There are a very large number of changes, so older changes are hidden. Show Older Changes
RobH added a parent task: Unknown Object (Task).Apr 6 2022, 5:04 PM
RobH moved this task from Backlog to Racking Tasks on the ops-codfw board.
RobH mentioned this in Unknown Object (Task).

@Papaul does this notation you added refer to the row (and rack) location? For example: aqs2001: B6U35 ge-6/0/34, does that mean row 'B'?

@Eevans yes B is row B , 6 is the rack number and U35 is the position of the server in the rack (row B rack 6 position 35)

@Eevans yes B is row B , 6 is the rack number and U35 is the position of the server in the rack (row B rack 6 position 35)

Gotcha; Now is probably a good time then to pull you into the discussion started in T305102: Erroneous node placement (AQS Cassandra cluster). That ticket was created mostly to get things sorted in eqiad, but with the expansion to codfw happening, we took a stab at that as well. The row numbers we put into that second table are -I think- a strawperson, that exact mapping doesn't have to match that if the distribution is otherwise Good™ (though we should probably update that table as we go).

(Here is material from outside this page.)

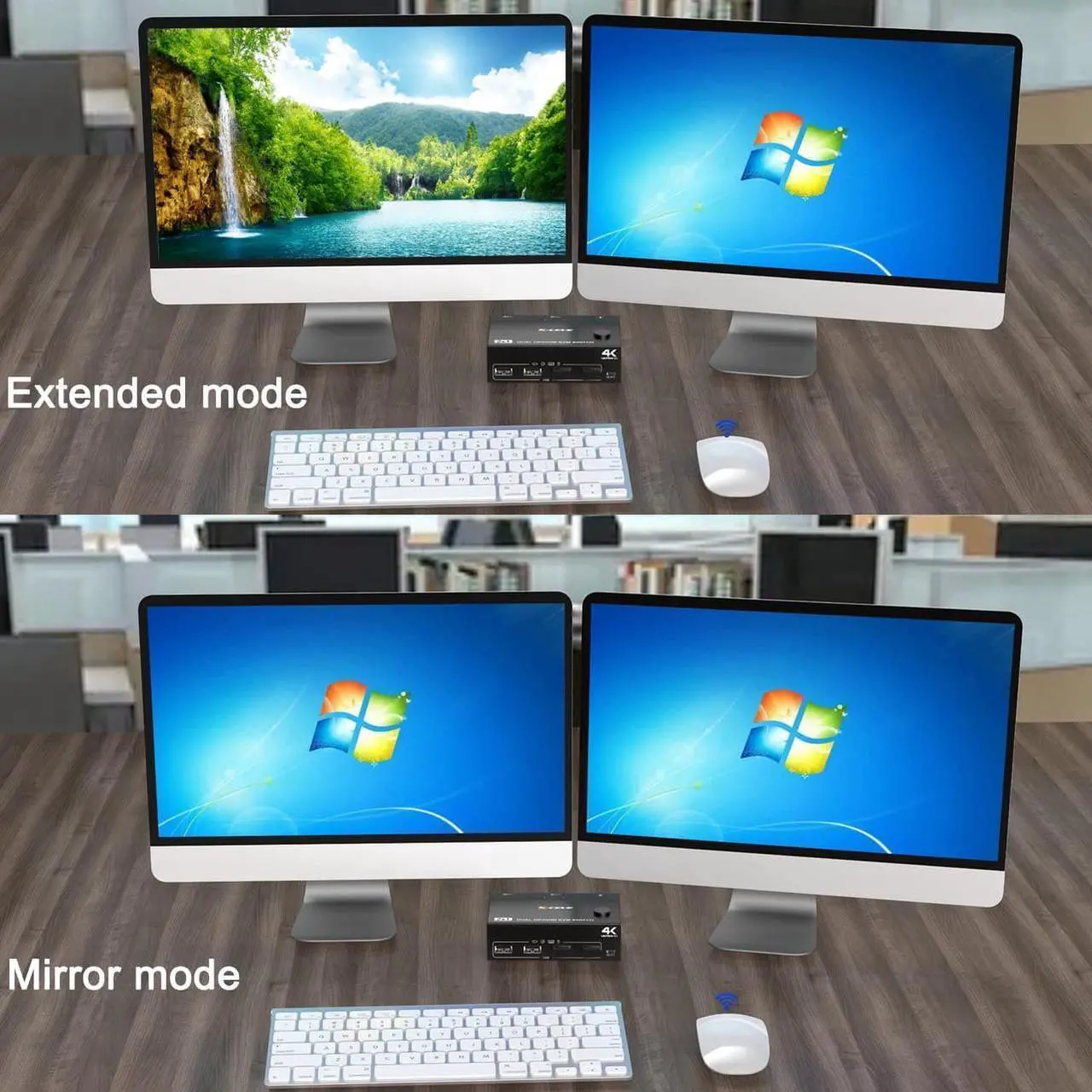 Alt view image 2 of 6 - Dual Monitor HDMI + Displayport KVM Switch 4K @60Hz 2K @120Hz, HDMI DP Extended Display Switcher for 2 Computers Share 2 Monitors and 4 USB 2.0 Ports, Wired Remote and 4 Cables Included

The main thing that we wanted to do is to create pairs of rows that are equivalent. See the eqiad table in that ticket for an example: there we are proposing that [A,D], [B,E], and [C,F] are equivalent. For Cassandra purposes, we'd treat each of those pairs as a row, and in so doing, give ourselves more options for placement if/when the cluster is expanded again. AFAIK, there are only 4 rows in codfw, but we wanted to see about creating at least one equivalency there (perhaps combining the two most crowded?) so that if codfw is ever expanded the way eqiad was, we'd be prepared.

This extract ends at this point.